Since I spent more than half my 70-plus years in the Texas Gulf Coast area, in or near Houston, I maintain my readership in the Houston Chronicle.
My first two years of college were spent in Huntsville, less than two hours north of the metropolis, then the final two in Houston. I worked there a couple of years before my rural raising sparked a yen to return to those climes.
Being drawn back to my country raising derailed my goal to be the world’s greatest sportswriter onto the rail line “local” or “doodlebug” trains through small towns and weekly papers. All aboard for Teague, Rosenberg, Cleveland, Conroe, Lockhart, Rosenberg (again), Missouri City and Jasper.
So, anyone penning historic notes about those early times or those communities grabs my attention.
Recently, the Chronicle’s Tony Freemantle wrote a feature about one of my favorite eras — the 1950s and early 60s when Houston was a three-newspaper town. There was, of course, the Chronicle — the lone survivor of the era — plus the Houston Post and the only non-locally-owned paper, the Houston Press, a property of Scripps Howard.
It was a purveyor of sensationalism with bold black screaming headlines.
As a college journalism student — not to mention a small town boy — I was in awe of all THREE Houston newspapers. Having been a correspondent while attending Sam Houston in Huntsville, I was paid by the now-defunct Houston Post (absorbed by the Chronicle) to call in sports results.
As a scholarship student at the University of Houston — the recipient of the Houston Press Club award for one year — I was intent on learning all I could about “newspapering in the big city.”
At every opportunity, I read the three papers. That was made fairly easy in that the University of Houston journalism department made sure we were exposed to Houston journalism and copies of the three papers were readily available.
Having grown up in a small town, I was aware of what was news, typical small town fare: city council, county government, churches, women’s clubs/activities, Scouting and, most importantly, schools. Public schools were a source of page after page of news: academics/honor rolls, school board, sports, individual honors and accomplishments and even school cafeteria lunch menus.
While there is some amount of those types of news in metropolitan newspapers, the old Houston Press was filled with juicy gossip tidbits, some true, some not. It was intriguing.
And, the Press had more columnists than any paper I’d ever seen. Weekly papers had maybe one “hard news” columnist but the rest were from little individual, rural communities close to the weekly paper’s home base.
Within the Press, you could read gossip columns trying to compete with Bill Roberts at the Post and, later, Maxine Mesinger (a wealthy habitué of all the right places) in the Chronicle.
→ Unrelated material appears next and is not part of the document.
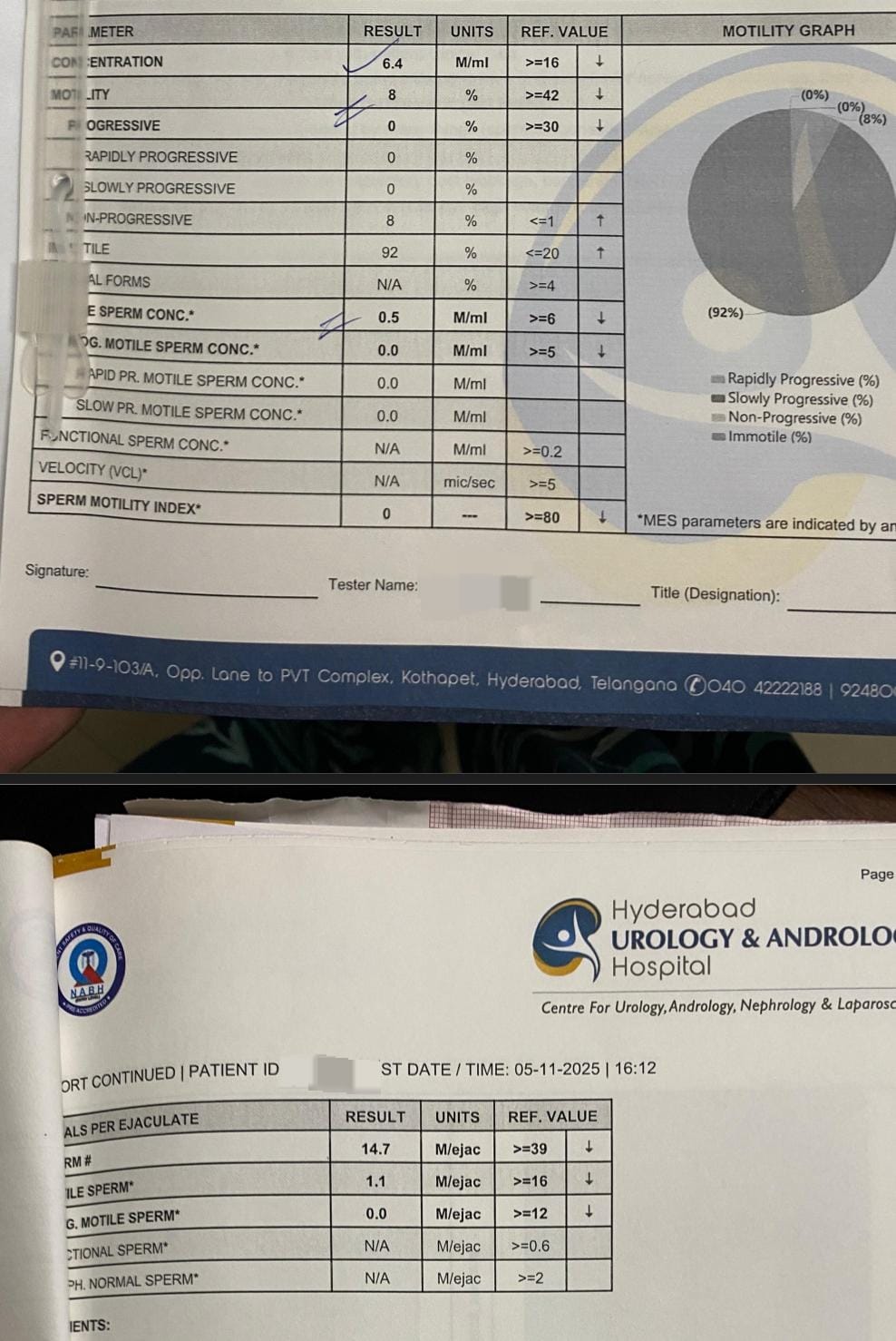 Shiva's initial semen analysis showing concentration 6.4 million/ml, total motility 8%, progressive motility 0% and 92% immotile sperm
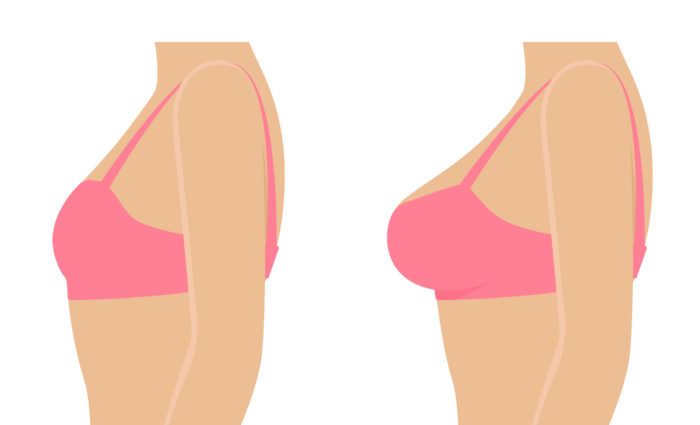 Surgical breast augmentation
They reported on night life and socializing in Houston.
Out of the old Press came Sigmund Byrd (talented, but abrasive), a whole ‘nother column you can read next week.
Pat O’Bryan was a product of the Press and I later got to know him as a relative of my lifelong friends-former employers-former partners, the Owen family.
Walter Cronkite gained some early experience at the Press, as did Thomas “Tommy” Thompson, author of several books, the best known being “Blood and Money.”
And, surprise, one of the first news types to use the Press springboard into the big time was: Marvin Zindler, Eyewitness News. Zindler vaulted into national prominence when his TV (Houston Channel 13, ABC) expose’ brought about the shutdown of the infamous “Chicken Ranch” in LaGrange which spawned the musical play that became a movie: The Best Little Whorehouse in Texas.” Zindler’s beginnings were in law enforcement as a Harris County deputy sheriff, serving warrants and subpoenas.
So, as you can see, the old Scripps-Howard Houston Press was a launching pad for a lot of talent and material.
And, just reading it was a heckuva journalism lesson for a young college student.
Willis Webb is a retired community newspaper editor-publisher of more than 50 years experience. Webb worked all over Texas during those 50 years.